Spidey's Home

In the first 10 minutes, Spider-Man: Homecoming corrects everything that was wrong with the Andrew Garfield version: a Peter Parker who cares more about people and being kind than anything else, setting up the reality of all the moral conflict to come as he's repeatedly given the choice between what he wants and what's right.

Michael Keaton takes a second-class (classic, but ultimately lame) Spider-Man villain and makes him the most articulated and terrifying thing in any Marvel movie to date.

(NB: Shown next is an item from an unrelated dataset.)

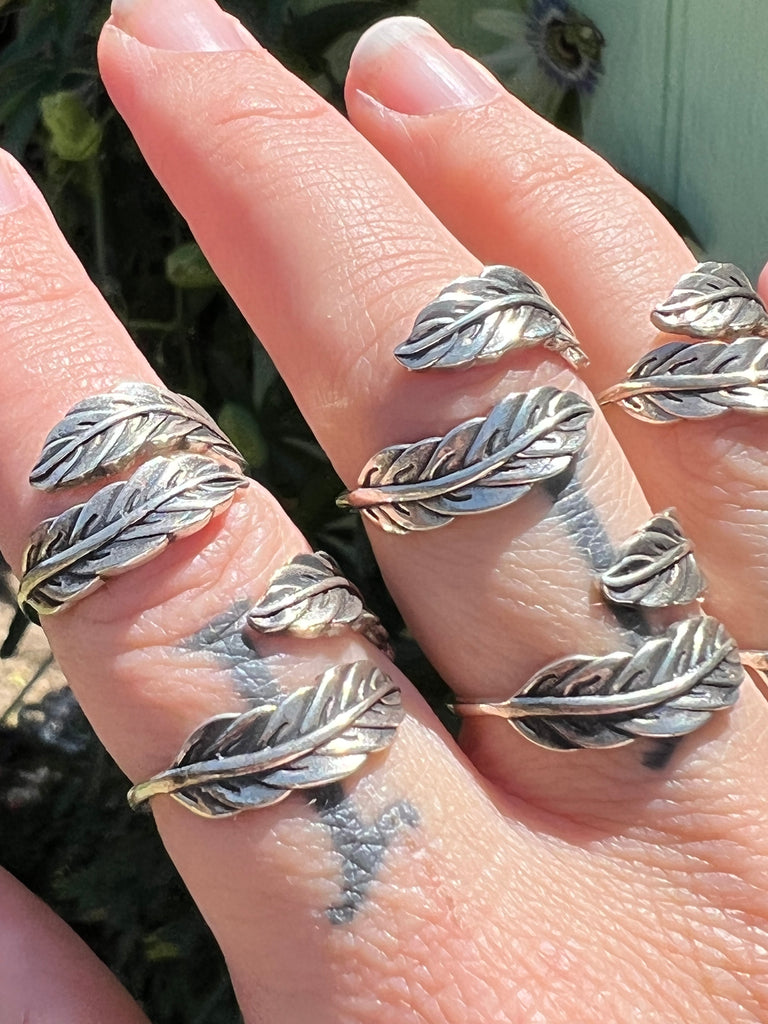 Adjustable Sterling Silver Leaf Ring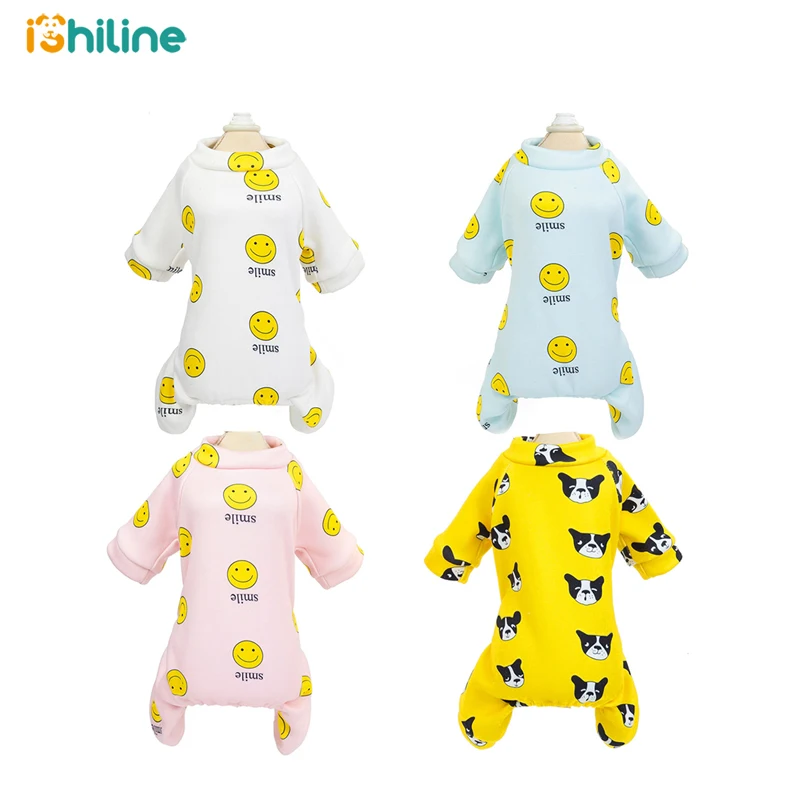 Милая одежда для домашних животных с принтом комбинезон маленьких собак пижама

It's also nice to see a cast that's extensively ethnically diverse without feeling like it's checking boxes in a Beneton ad, though we must note they stopped short at colorblind casting any of the leads.

However, the film's organic feel is also its only weakness: it's too real to have a linear story arc that keeps you on the edge of your seat, and the victories are all so harrowing you nearly weep with relief, yet so humbling that there's little to enjoy in the outcomes.

Perhaps that's what it should be, showing us that action isn't the fun stuff—it's the scary stuff, and we shouldn't hanker for it in a universe populated with real people. The fun stuff is with the people who make your life rich, not in putting them at risk.

But then, it also means we as the audience never get to enjoy the escapism of vicarious triumph. This Spider-Man is so real we never quite get to feel like we've left our own struggles at the door—which is both to its credit, and its limitation.